Les dépôts ferroviaires, où l’on entrepose et répare les trains, présentent des risques supplémentaires pour la communauté à cause des nombreux véhicules roulant au diesel (camions, grues, locomotives de manœuvre et de fret) qui s’y concentrent.

Dans une étude réalisée au dépôt BNSF Railway Hobart Railyard de Los Angeles, l’Agence californienne de protection de l’environnement a estimé que les résidents vivant près d’un dépôt ferroviaire couraient un risque plus élevé de se voir exposés à des substances cancérigènes. Le risque de cancer y était de cent à 3 000 fois plus élevé par rapport aux zones voisines.

 

 

LES BÉNÉFICES DU CHEMIN DE FER POUR LA SANTÉ

Si les preuves s’accumulent pour pouvoir affirmer que la vie au voisinage de rails comporte une myriade d’effets sur la santé des humains, il faut également remarquer que la proximité avec certains types de trains comporte également des bénéfices.

Selon Jennifer D. Roberts, maître de conférences de l’École de santé publique de l’Université du Maryland, l’accès à des systèmes de transit léger sur rail en milieu urbain peut nous être bénéfique.

« Les recherches montrent encore et encore que les personnes qui vivent près de trains de transit léger voient leur activité physique augmenter de manière significative et qu’elles souffrent moins de surpoids », fait-elle observer.
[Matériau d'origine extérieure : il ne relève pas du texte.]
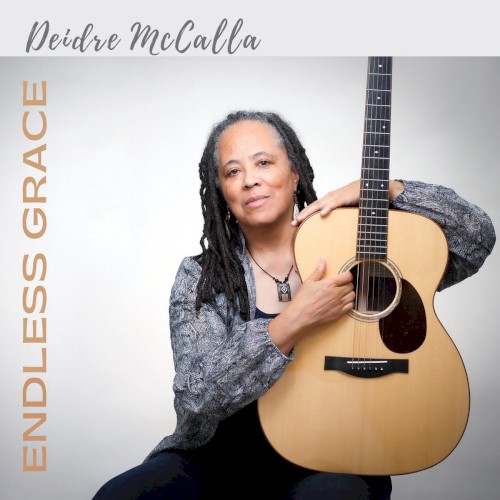 Album Poster | Deidra McCalla | Shoulder To The Wheel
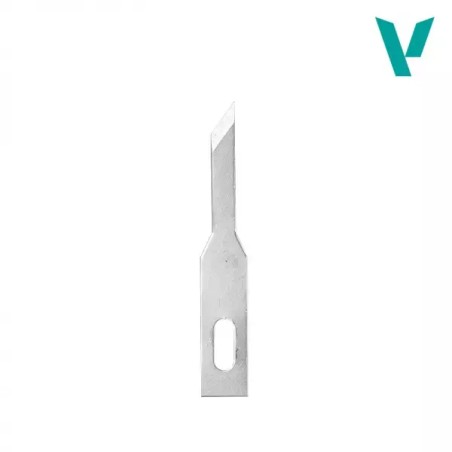 Vallejo - Pochoir : 68 Stencil Edge Blades (5) F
Cela est dû au fait que les transports sur rails impliquent souvent de marcher un kilomètre ou plus pour gagner une station (de train, de métro, de tramway…) Ceux-ci relient en outre selon elle des communautés défavorisées à des endroits auxquels elles n’avaient pas forcément accès auparavant. (Voici pourquoi faire de l’exercice est bon pour la santé du cerveau.)

En fin de compte, selon Jennifer D. Roberts, il y a des avantages et des inconvénients, mais n’importe quelle ligne de chemin de fer (de fret ou commerciale, lourde ou légère) impliquera toujours des considérations en matière de justice environnementale qui devront être examinées minutieusement.

« Nous devons avoir un regard critique sur ces questions, affirme Jennifer D. Roberts. Chacun devrait prendre sa part de ce fardeau, et pas uniquement certaines communautés. »

Cet article a initialement paru sur le site nationalgeographic.com en langue anglaise.